• WORK INSTRUCTION
Pictures stay out of the output. Return exactly the lines below from the one with "Kingston 480GB SSD" down to the one with "Gordo's room", both included, and nothing more.

Collection entries:
╔══
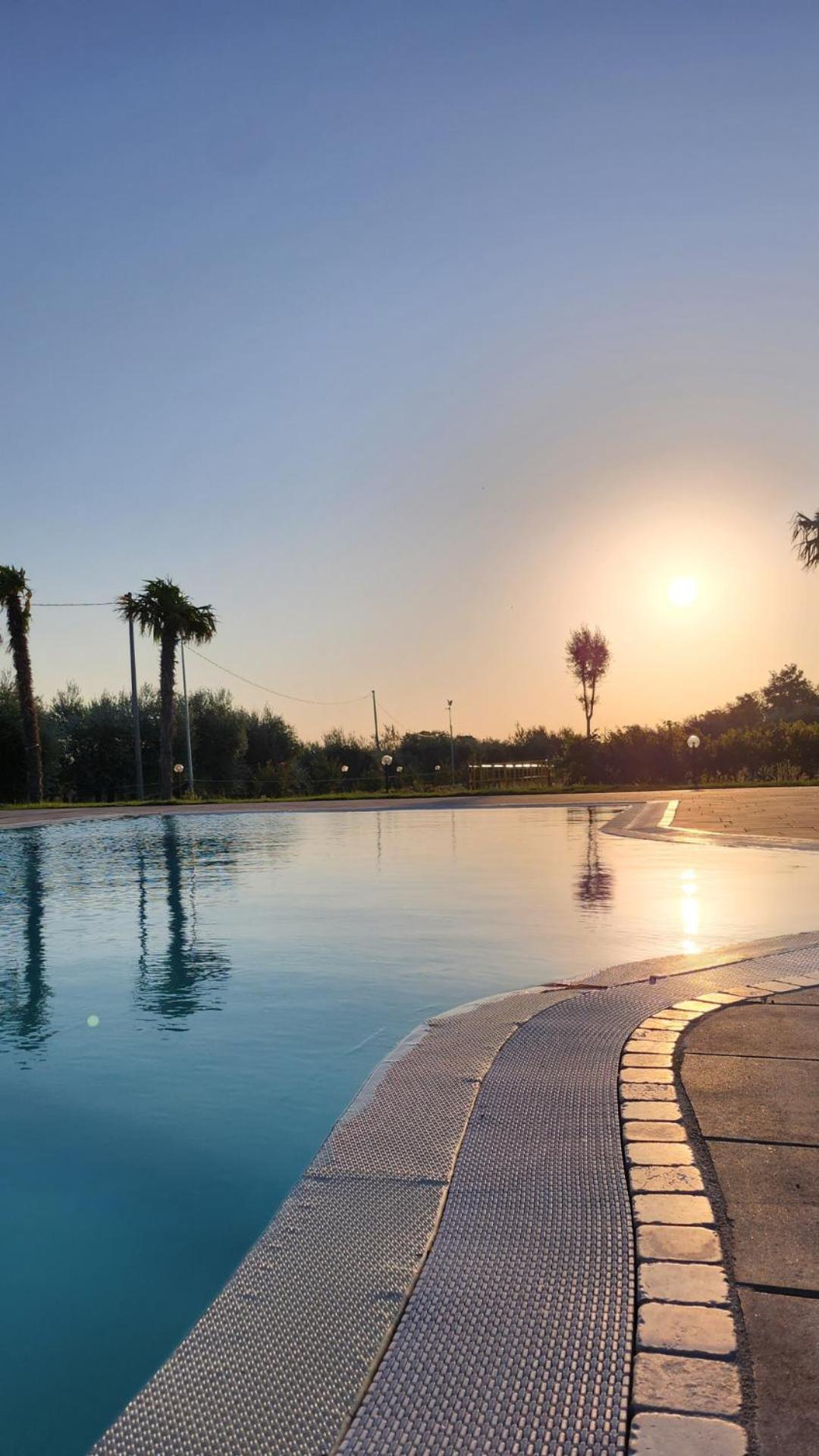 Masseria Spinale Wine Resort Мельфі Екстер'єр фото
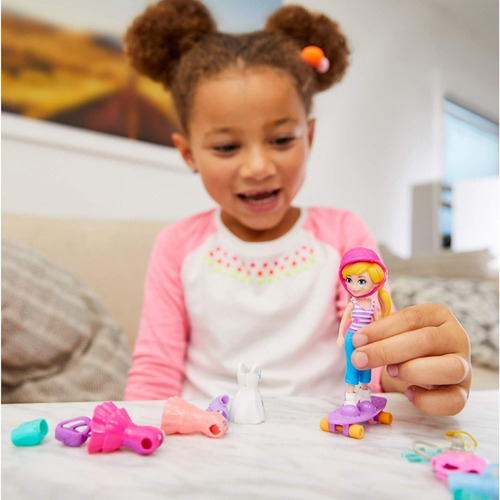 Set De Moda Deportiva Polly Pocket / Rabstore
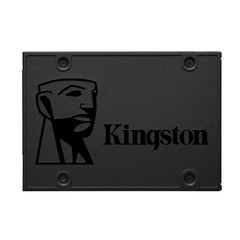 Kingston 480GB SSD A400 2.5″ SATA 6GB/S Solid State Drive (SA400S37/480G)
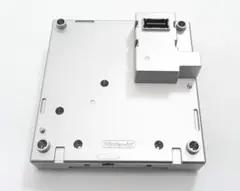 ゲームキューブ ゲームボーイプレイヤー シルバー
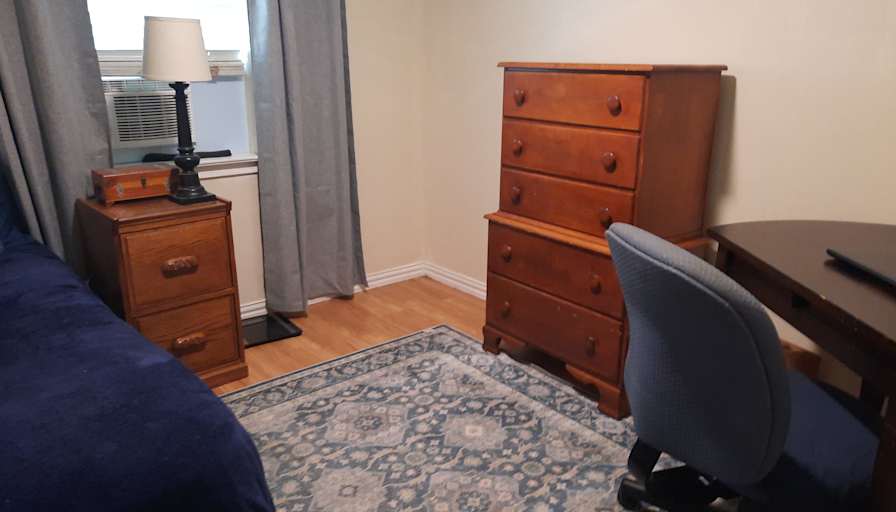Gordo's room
╚══
╔══
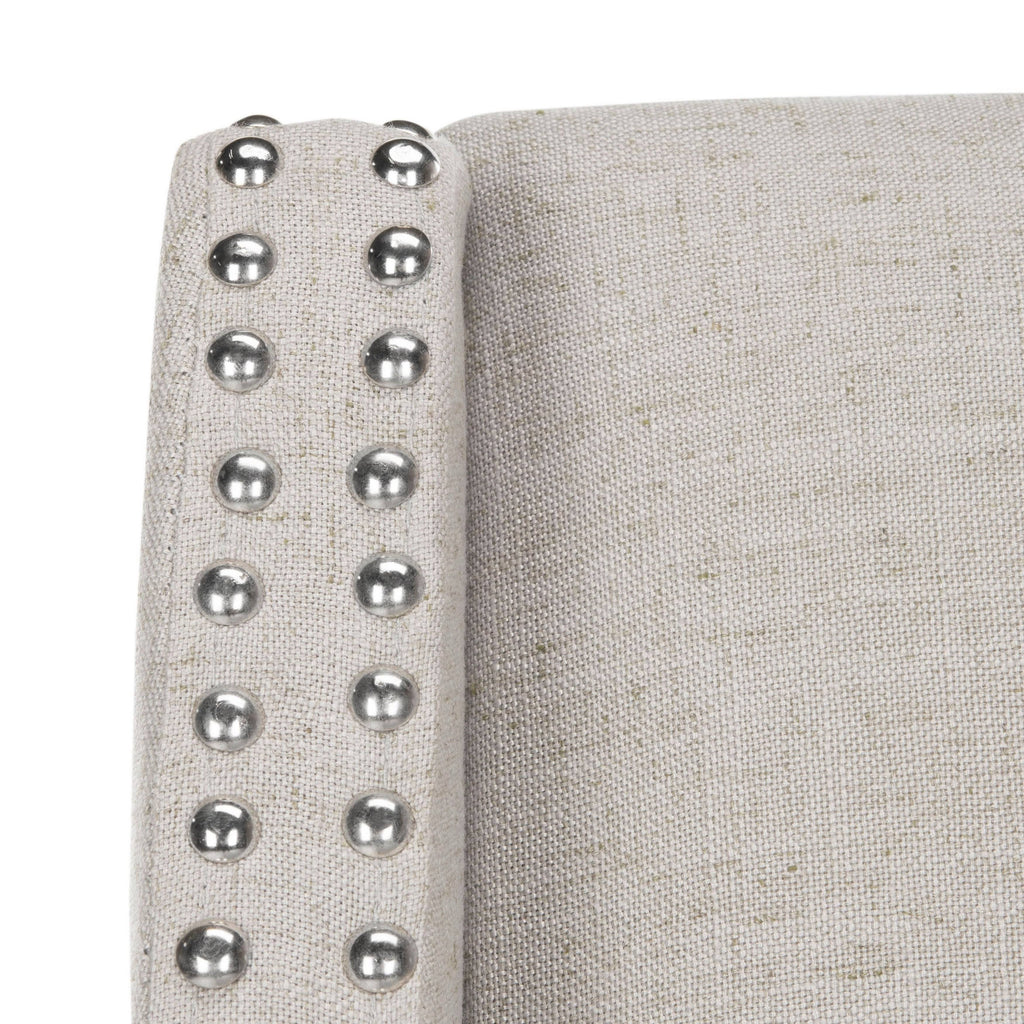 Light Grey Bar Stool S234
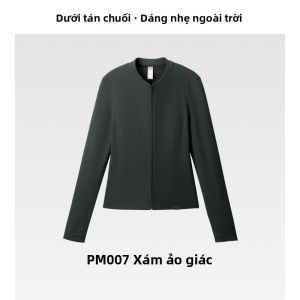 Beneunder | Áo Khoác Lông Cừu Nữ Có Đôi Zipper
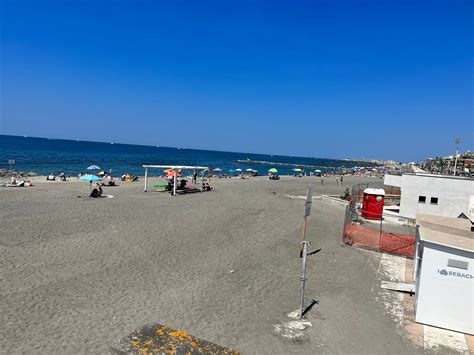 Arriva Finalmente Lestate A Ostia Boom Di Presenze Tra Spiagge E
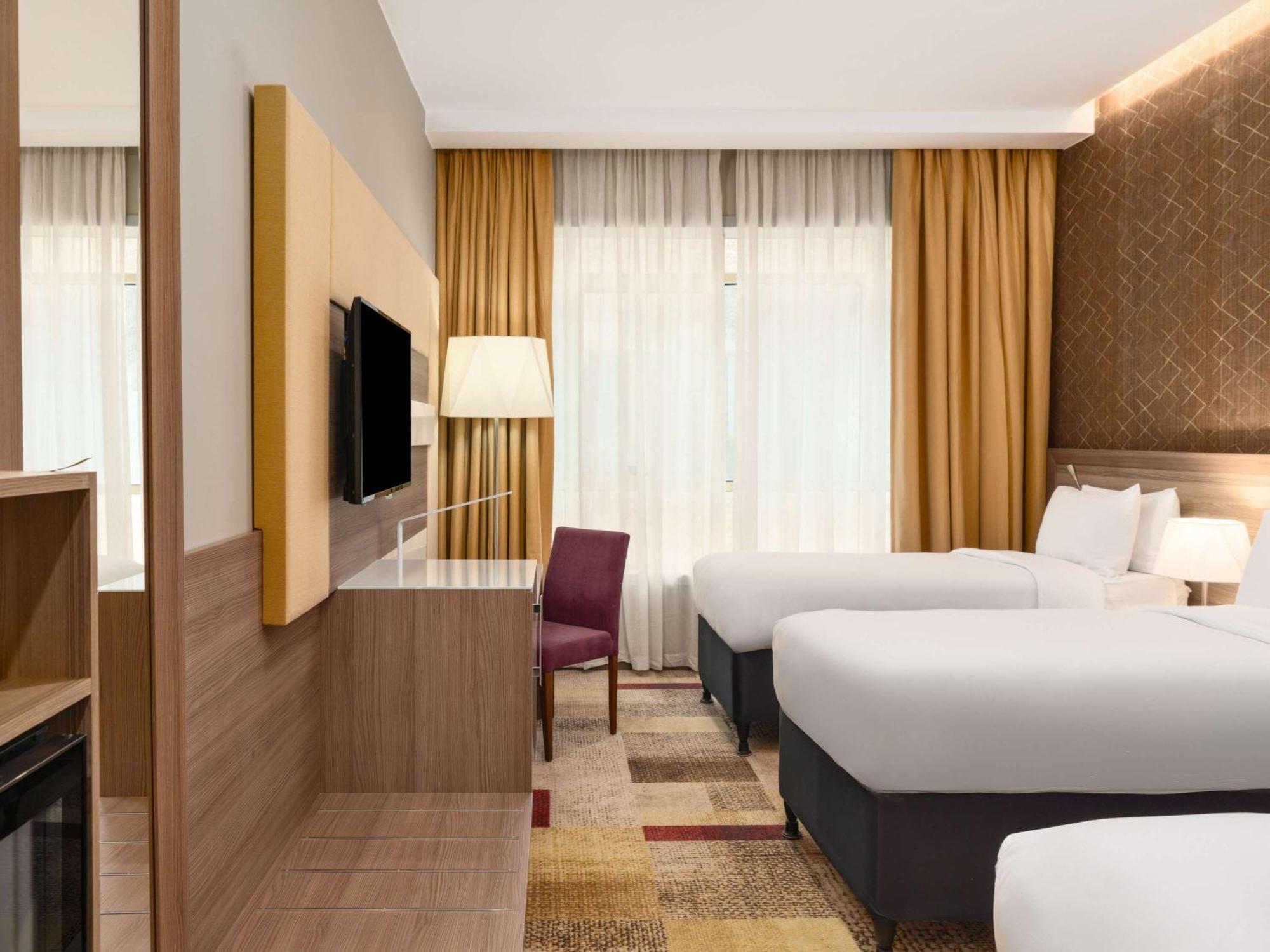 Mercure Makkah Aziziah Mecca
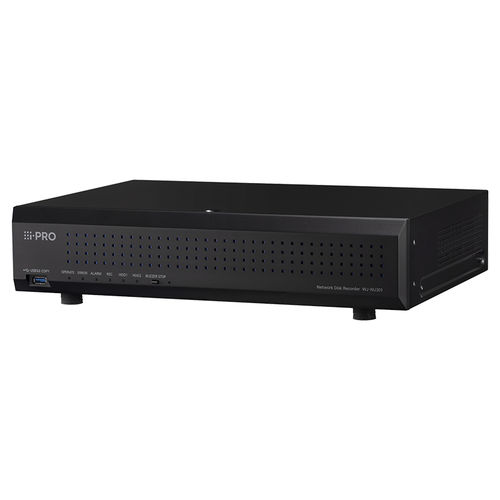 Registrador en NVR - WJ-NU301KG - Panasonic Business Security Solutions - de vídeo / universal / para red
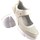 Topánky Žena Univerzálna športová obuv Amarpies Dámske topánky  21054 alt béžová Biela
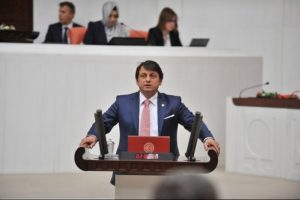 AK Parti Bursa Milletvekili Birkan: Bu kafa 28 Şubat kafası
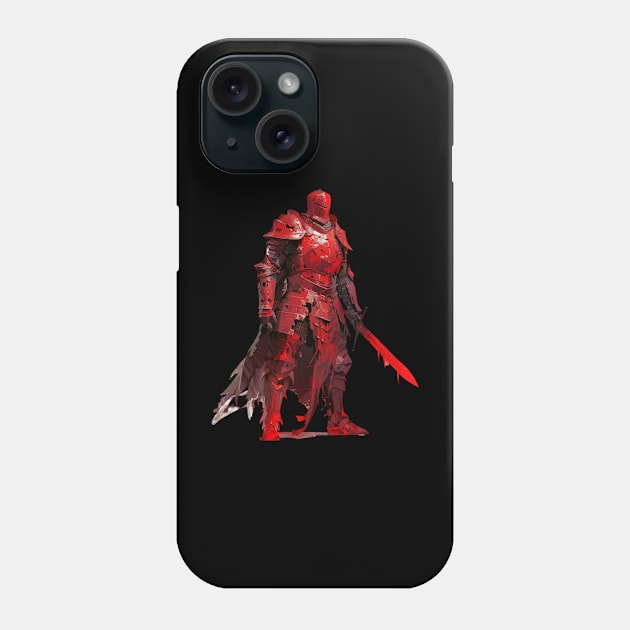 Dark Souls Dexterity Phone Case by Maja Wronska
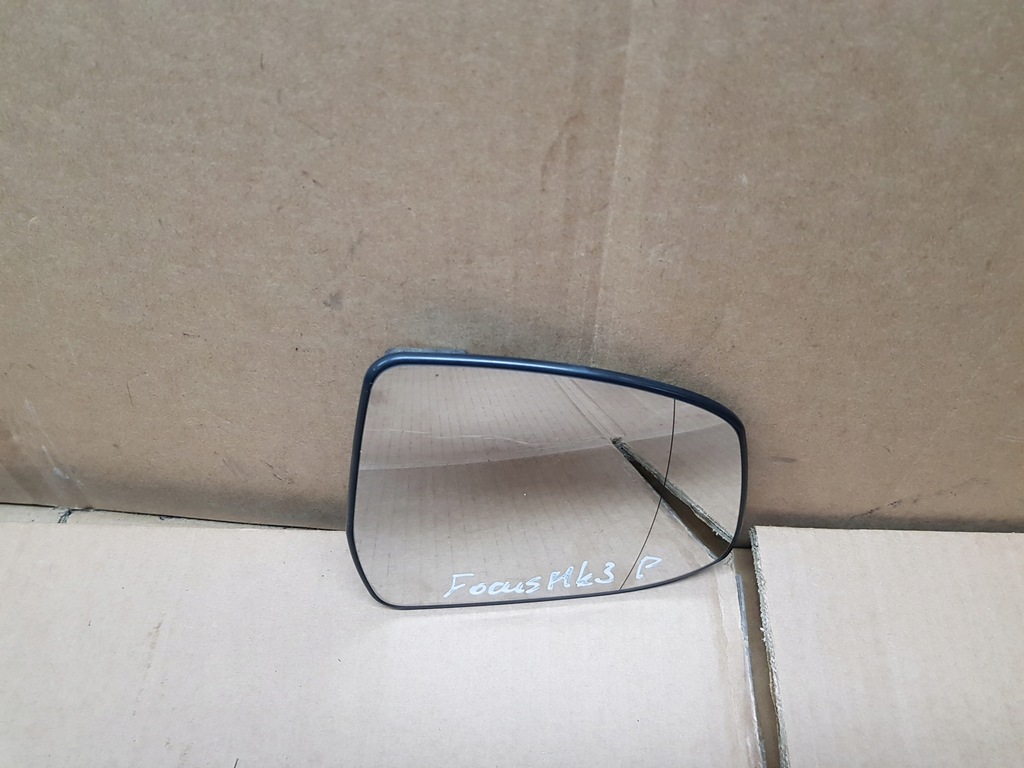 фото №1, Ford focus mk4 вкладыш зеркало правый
╚══
• RESPONSE BELOW
 Kingston 480GB SSD A400 2.5″ SATA 6GB/S Solid State Drive (SA400S37/480G)
 ゲームキューブ ゲームボーイプレイヤー シルバー
Gordo's room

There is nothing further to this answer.